Donaldson knew he had made an impression.

“That was kind of the time when I was trying to show myself to college and stuff like that,” he told Perfect Game during spring training in 2014. “I felt that I had a possibility to get drafted and that was just a great way to go out there and try to get some exposure for me.”

The third and final stop of Donaldson’s PG career was at the 2003 PG WWBA World Championship in Jupiter, Fla., where he was surrounded by greatness, both potential and realized. Andrew McCutchen, now with the Pittsburgh Pirates, was a teammate of Donaldson’s with Team Florida, and the San Francisco Giants’ Buster Posey was another one of the more than 100 future big-leaguers at the event.

“I had played against a lot of (good) competition growing up through all of the travel ball teams and stuff like that,” Donaldson told PG. “But it was actually cool at those (PG events) to see how your tools lined up with a lot of the other kids, too.”

Despite being ranked the No. 145 national prospect in the high school class of 2004, Donaldson went undrafted out of high school. He had a great Plan B, however, and headed off to Auburn University where he enjoyed a fine three-year career: .307, 28 home runs, 42 doubles, 122 RBI and 122 runs scored in 158 games, numbers that compare favorably to a 162-game MLB season.

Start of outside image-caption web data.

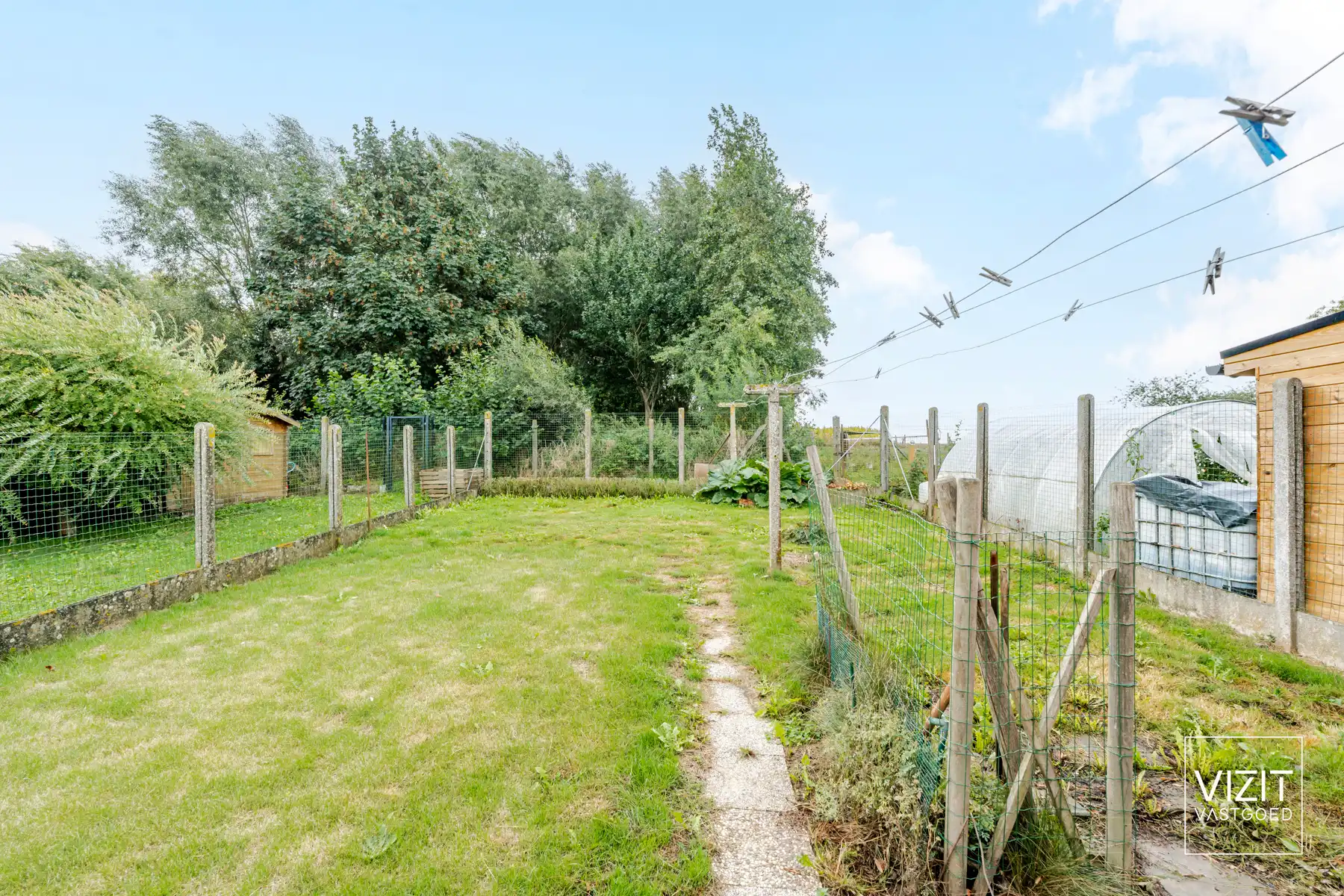 Halfopen woning met tuin en garage foto 28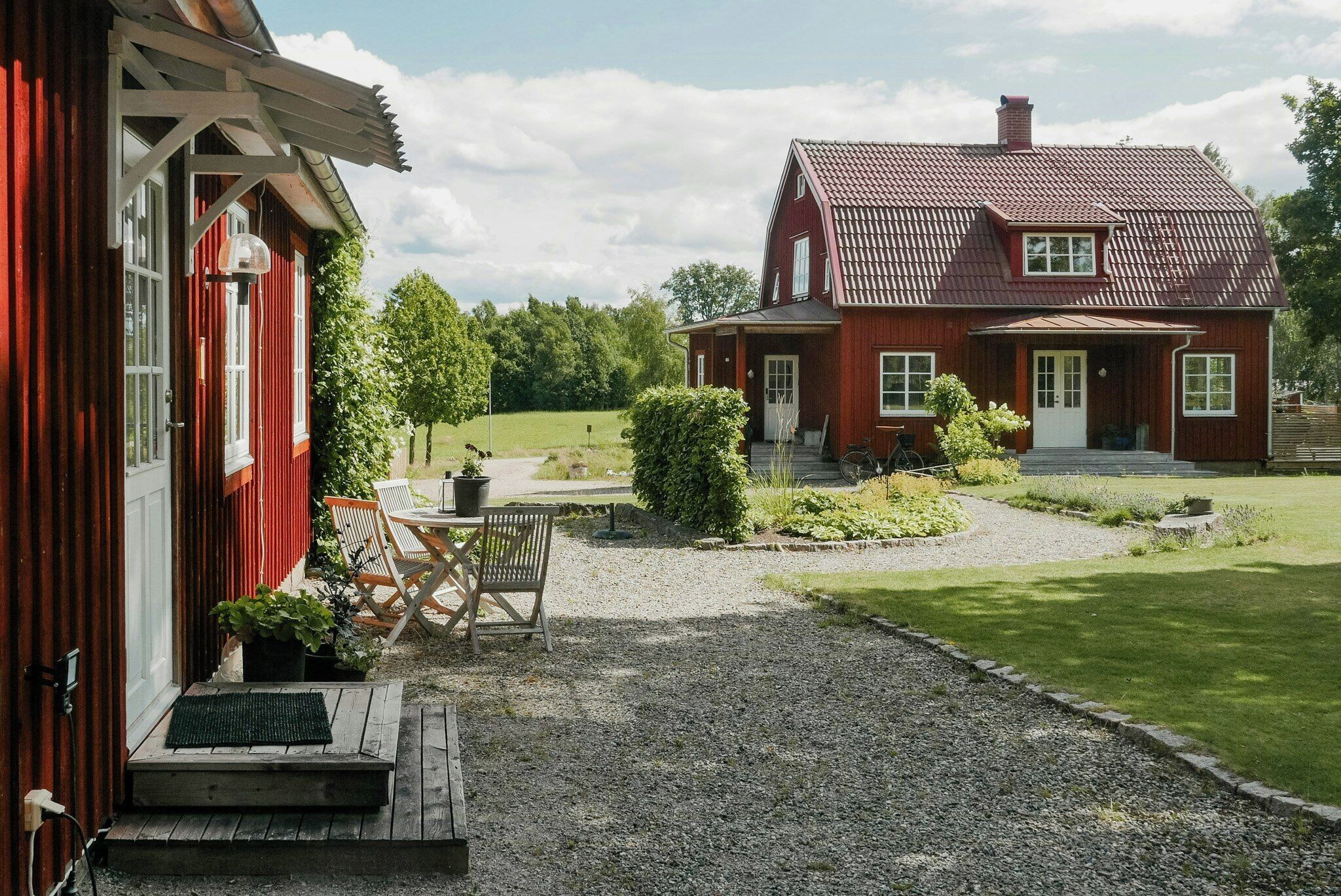 Une maison en bois rouge avec une allée en gravier et une pelouse.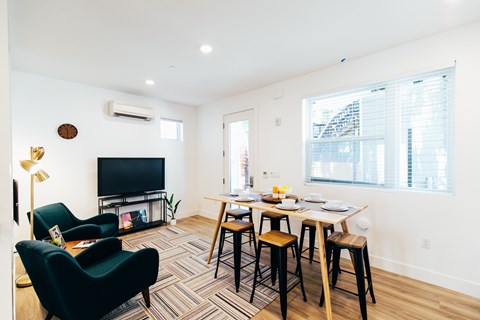 A living room with a black chair, a black sofa, a wooden table with four chairs and a television.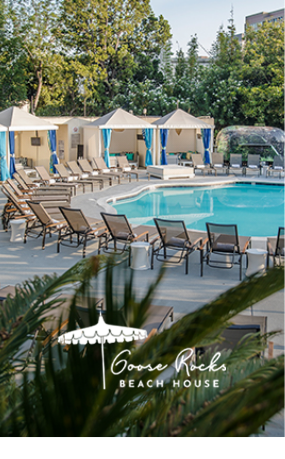 a pool with lounge chairs and umbrellas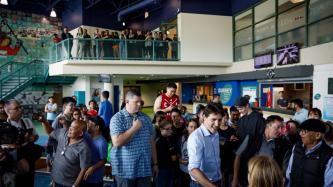 PM Trudeau shakes hands with a woman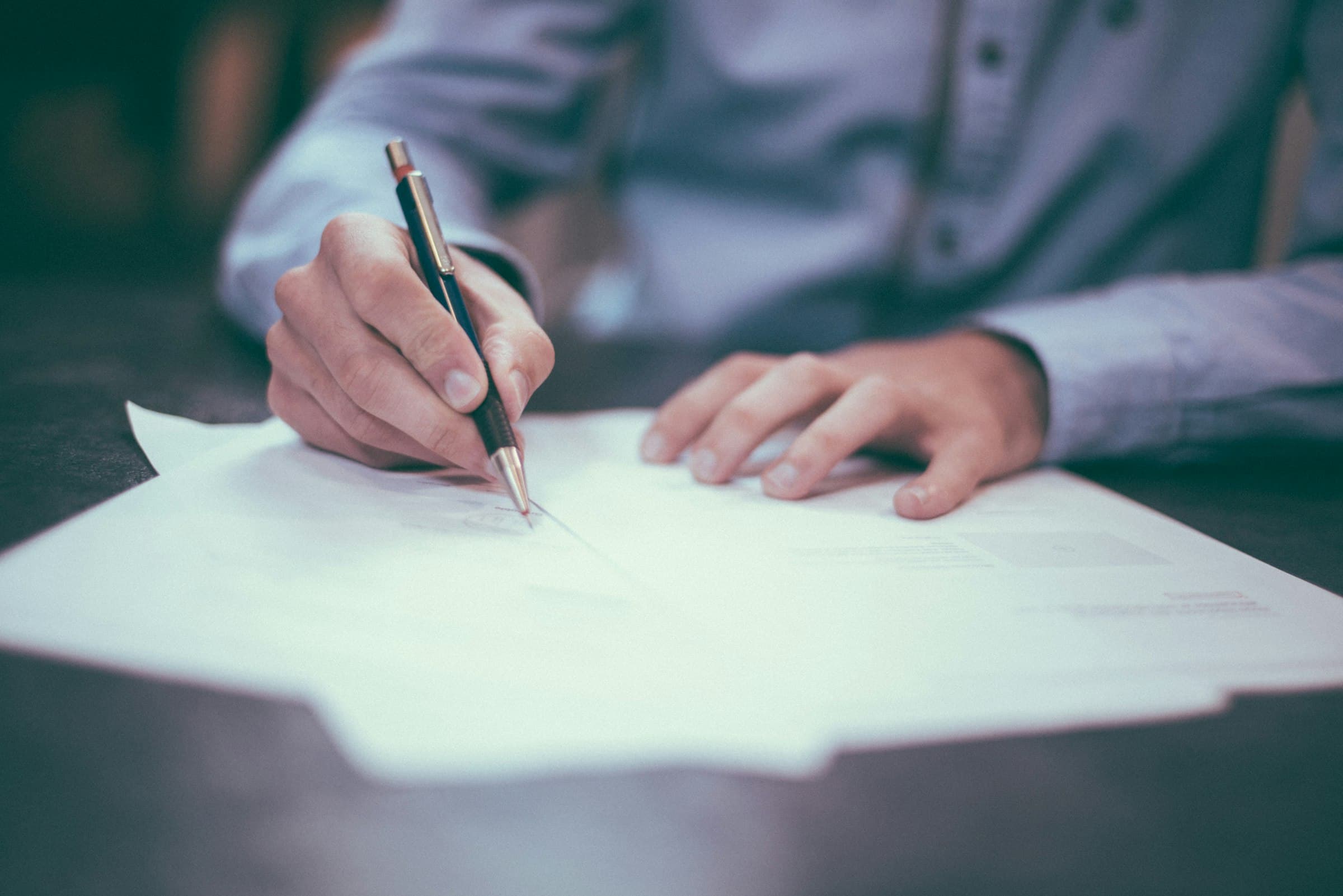 Hand schrijft met een pen op een document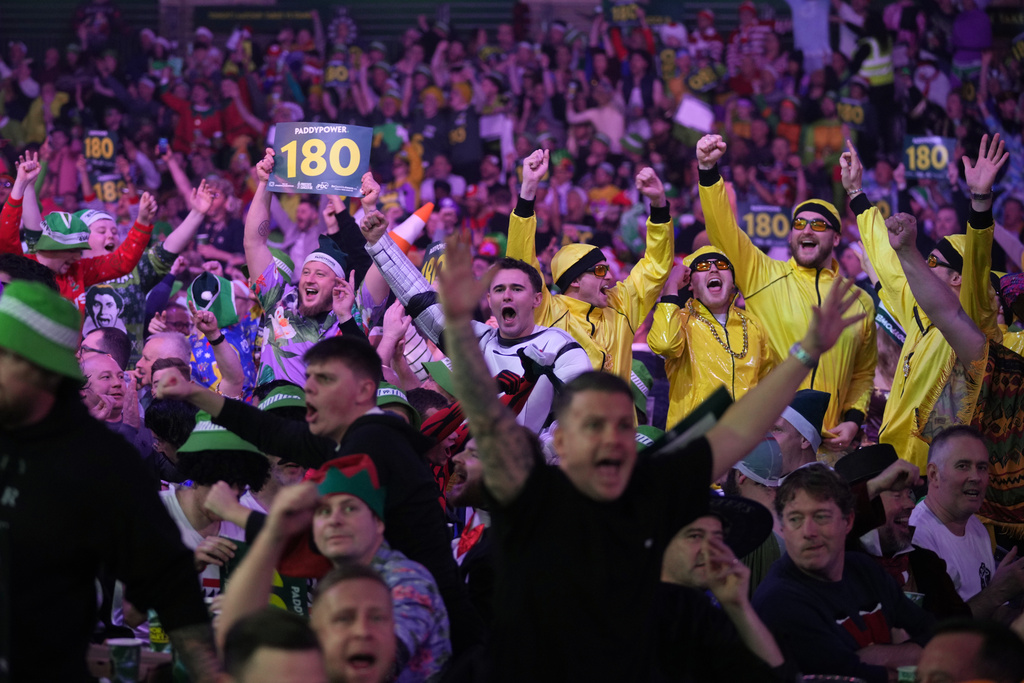 Darts fans reacts as they watch the World Darts Championships, at Alexandra Palace in London, Monday, Dec. 15, 2025. (AP Photo/Kin Cheung)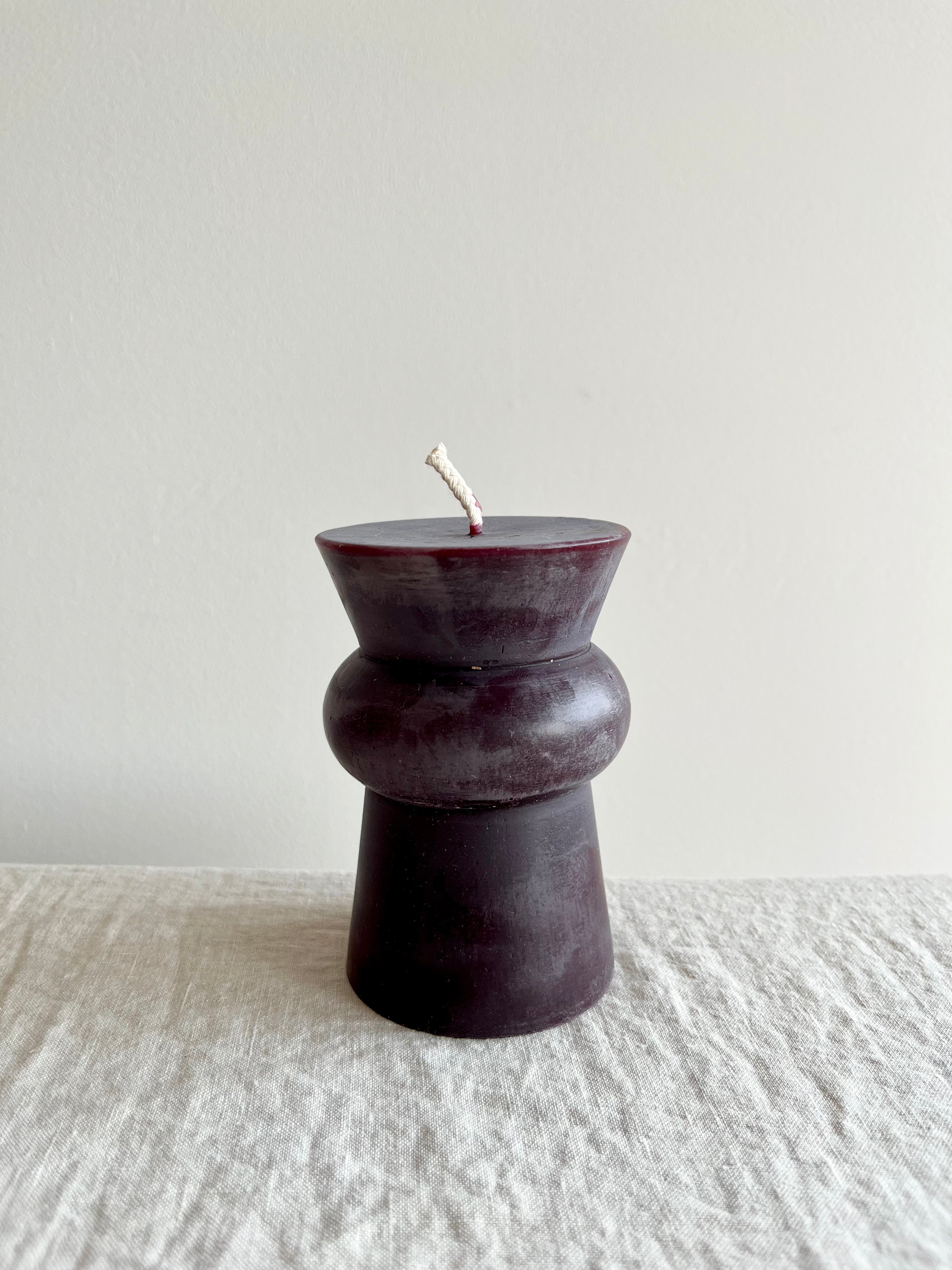 small wine colored totem candle on a table
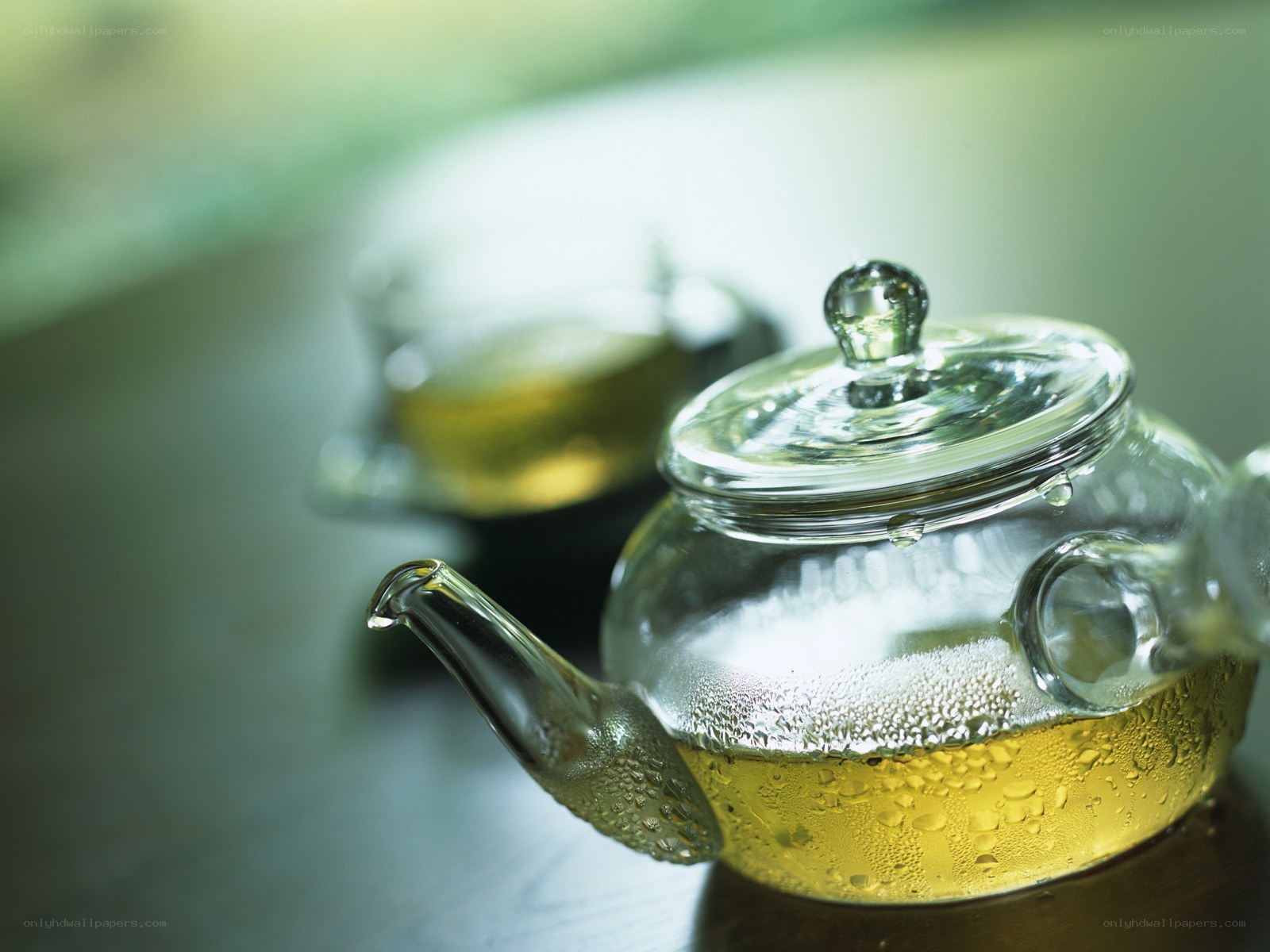 Glass teapot with green tea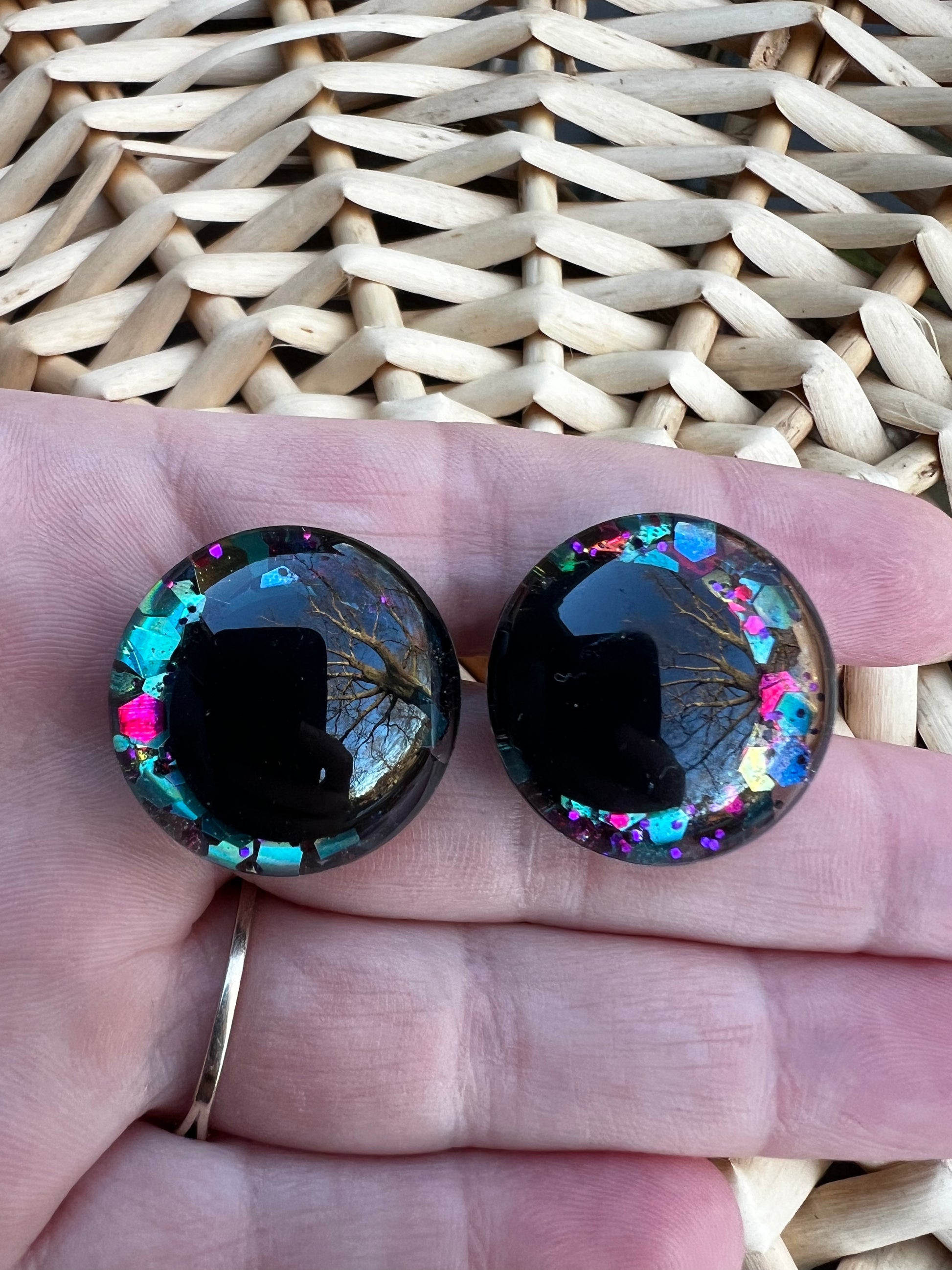 Hand painted safety eyes that feature large kawaii style black pupils with a vibrant shimmery jewel toned iris with purple, pink, and blue glitter throughout. Eyes are for crochet and knit amigurumi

The Chicago Cubs selected Donaldson with the 48th overall pick in the first-round of the 2007 MLB First-Year Player Draft as a catcher, and then shipped him to the A’s as part of a six-player trade in July 2008. He made his major league debut on April 30, 2010 as a 24-year-old, played in 14 games that season, and then spent all of 2011 and most of 2012 in the minor leagues.

Donaldson played in the Dominican Republic during the winter of 2012-2013 and that’s when he made the full-time transition to third base; he became the A’s regular third baseman during spring training in 2013. That season he slashed .301/.384/.499 with 24 home runs, three triples, 37 doubles, 93 RBI and 89 runs and finished fourth in the AL MVP balloting. He made the first of his two All-Star Game appearances during the 2014 season.